Бену не удалось выжать из себя даже подобия улыбки.

– Знаешь, я эту историю еще много лет назад слышал от Милта, но даже тогда не очень-то смеялся.

Она подошла к нему, встала сзади. Бен видел ее в зеркале, подмигнул ей, улыбнулся. На лице Эллен было загадочное выражение, однако он понял все и сразу.

– Ой, и устала же я сегодня, – сказала она.

– Тебе бы немного полежать, не хочешь? – отложив ножницы, Бен заботливо повел ее к постели, и чувство у него было такое, словно все это происходит в замедленной съемке.

Они легли и долго лежали, согревая друг друга, пока Эллен не задремала у него на плече. Ему надо было в туалет, но он не осмеливался шевельнуться.

– Прости меня, Бен, – наконец шепнула она. – Мне очень жаль, что я не сдерживаю своего обещания.

– Обещания? Какого обещания? – он прижал ее к себе еще крепче.

– Я же обещала, что не оставлю тебя.

– Боже мой, Эллен, до чего я тупой, – сокрушенно покачал головой он.

Все с тем же загадочным выражением на лице она отодвинулась, поправила подушку.

– До чего тупой, – продолжал он, – до чего кретин, только и знаю, что со своим возрастом носиться, идиот старый. Все одно и то же: «я, я, я». А как мне без тебя, скажи, как? Ты же знаешь, я не могу. И это ужас, до чего несправедливо. Ты же вдвое меня моложе. Так не бывает, просто не бывает. Бессмыслица какая-то, абсурд. Кто только распоряжается нами в этой идиотской жизни?
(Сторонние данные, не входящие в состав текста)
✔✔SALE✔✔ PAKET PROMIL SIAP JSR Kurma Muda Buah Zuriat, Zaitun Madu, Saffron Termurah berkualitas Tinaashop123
– Но послушай, Бен, – она спрятала лицо у него на груди. – Разве не ужасно было бы, если бы я дотянула до глубокой старости и никогда, никогда тебя не встретила бы, не узнала бы, что это такое – любить тебя, как я люблю, не узнала бы этого чуда, этой любви, которой ты одарил меня, и когда у меня хлеб с маслом отнимал да мармелад, и когда учил танцевать танго – ты невероятно заботливый, ты даже помогал мне бутерброды носить по выходным на Кони-Айленд. Знаешь, Бен, за такое я бы и тридцать лет жизни отдала, и сорок, и все пятьдесят.

– Но ведь я не думал, что так все повернется.

– А я? В библиотеке я все читала книжки про старение, прикидывала, как мне лучше всего с тобой обращаться, даже пробовала сообразить, какое место было бы для нас самое подходящее, если бы пришлось тебя на стул с колесиками усаживать.